Labor Law §200: Driver hit by waste covered by Labor Law §200: While waiting for his trailer to be unloaded, a tractor trailer driver was struck by a waterlogged bale of waste paper weighing more than 1000 pounds. The bale fell from a stack on the defendant’s loading dock. Defendants contended that the Labor Law §200 cause of action should have been dismissed because plaintiff was not engaged in construction work or injured at a construction site. However, the Court held that statute is not limited to construction work or construction workers. Pursuant to Labor Law §200, a land owner has a duty to provide workers with a reasonably safe place to work. Moreover, plaintiff was not required to show that the defendant controlled his work. Defendants were the owners and thus plaintiff only needed to establish they had actual or constructive notice of the dangerous condition. Beadleston v. American Tissue Corporation, -AD3d - (3rd Department, 2007).

Labor Law §200: General contractor not responsible for plaintiff’s accident assembling crane: Plaintiff was the employee of a subcontractor and, pursuant to his employer’s instructions, used a wood beam to support the jib of a crane while dismantling the crane. He was injured when the beam struck him. Plaintiff sued the general contractor for the construction site. The Court held that this accident stemmed not from a dangerous condition of the premises, but from the manner in which the work was being performed. Defendant established that it did not have authority to supervise or control the plaintiff’s work in disassembling the crane. The plaintiff failed to submit any evidence of defendant supervising control over the activity giving rise to the injury. Thus, summary judgment dismissing Labor Law §200 claim was granted. McLeod v. Corporation of Presiding Bishop of Church of Jesus Christ of Later Day Saints, - AD3d - (2nd Dept., 2007).

Labor Law §240: Plaintiff’s fall from a truck’s platform is a Labor Law §240 cause of action: Plaintiff was unloading curtain wall panels from the platform of a truck. The truck’s platform was approximately 4 ½ feet off the ground. The stacks of curtain walls were approximately 10 feet high and secured by cross braces. In order to unload a panel, plaintiff had to attach a strap to an individual panel so that it could be hoisted from the truck for installation. Plaintiff was not given an ladder or any other safety device to reach the top of the stack. To the top of the stack, he climbed up onto the flat bed and then onto the wooden cross braces of each stack. Plaintiff claims that the stacks and trucks were slippery from rain and that he was climbing he slipped and fell to the ground. Court held that plaintiff’s injury was caused by falling from a height or performing an activity covered by Labor Law §240(1). Ford v. HRH Construction Corporation, - NY3d - (2nd Dept., 2007).

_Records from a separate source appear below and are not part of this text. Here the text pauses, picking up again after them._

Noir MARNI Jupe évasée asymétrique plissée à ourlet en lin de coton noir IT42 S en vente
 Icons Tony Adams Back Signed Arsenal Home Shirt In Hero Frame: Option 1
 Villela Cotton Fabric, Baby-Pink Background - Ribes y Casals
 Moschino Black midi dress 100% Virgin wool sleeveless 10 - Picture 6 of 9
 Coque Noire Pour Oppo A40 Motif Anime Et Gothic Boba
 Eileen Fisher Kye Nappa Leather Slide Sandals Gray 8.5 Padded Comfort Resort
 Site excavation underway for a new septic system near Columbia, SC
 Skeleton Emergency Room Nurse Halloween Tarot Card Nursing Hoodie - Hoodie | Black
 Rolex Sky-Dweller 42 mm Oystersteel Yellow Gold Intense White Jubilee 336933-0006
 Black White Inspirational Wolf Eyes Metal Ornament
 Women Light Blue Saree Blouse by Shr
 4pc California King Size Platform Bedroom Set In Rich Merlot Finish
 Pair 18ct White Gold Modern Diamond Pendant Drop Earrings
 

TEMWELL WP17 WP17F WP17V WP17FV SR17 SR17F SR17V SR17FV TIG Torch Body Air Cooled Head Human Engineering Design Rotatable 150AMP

Labor Law §240: Raft/Floating Platform is an elevated work site under Labor Law §240: Plaintiff was employed as a dock builder and was hired to replace a deteriorating bulk head. He was working from a "floating stage" on the surface of the creek that gave him access to the bulk head. The floating stage was made of wood no wider than four feet and was approximately ten feet long. Plaintiff claims that while working and taking measurements the floating stage shifted from beneath his feet, causing him to hang. After several unsuccessful attempts to pull himself up, his hands slipped out of the hole. He fell and landed in the water, but struck his arm pit and elbow on the corner of the floating stage. Court held that plaintiff was subjected to an elevated risk and was thus entitled to the protection of Labor Law §240(1). Specifically, the Court held that there was a differential between the level of plaintiff’s work and a lower lever, the level being the bottom of the creek. Dooley v. Peerless Importers, Inc., - AD3d - (2nd Dept., 2007)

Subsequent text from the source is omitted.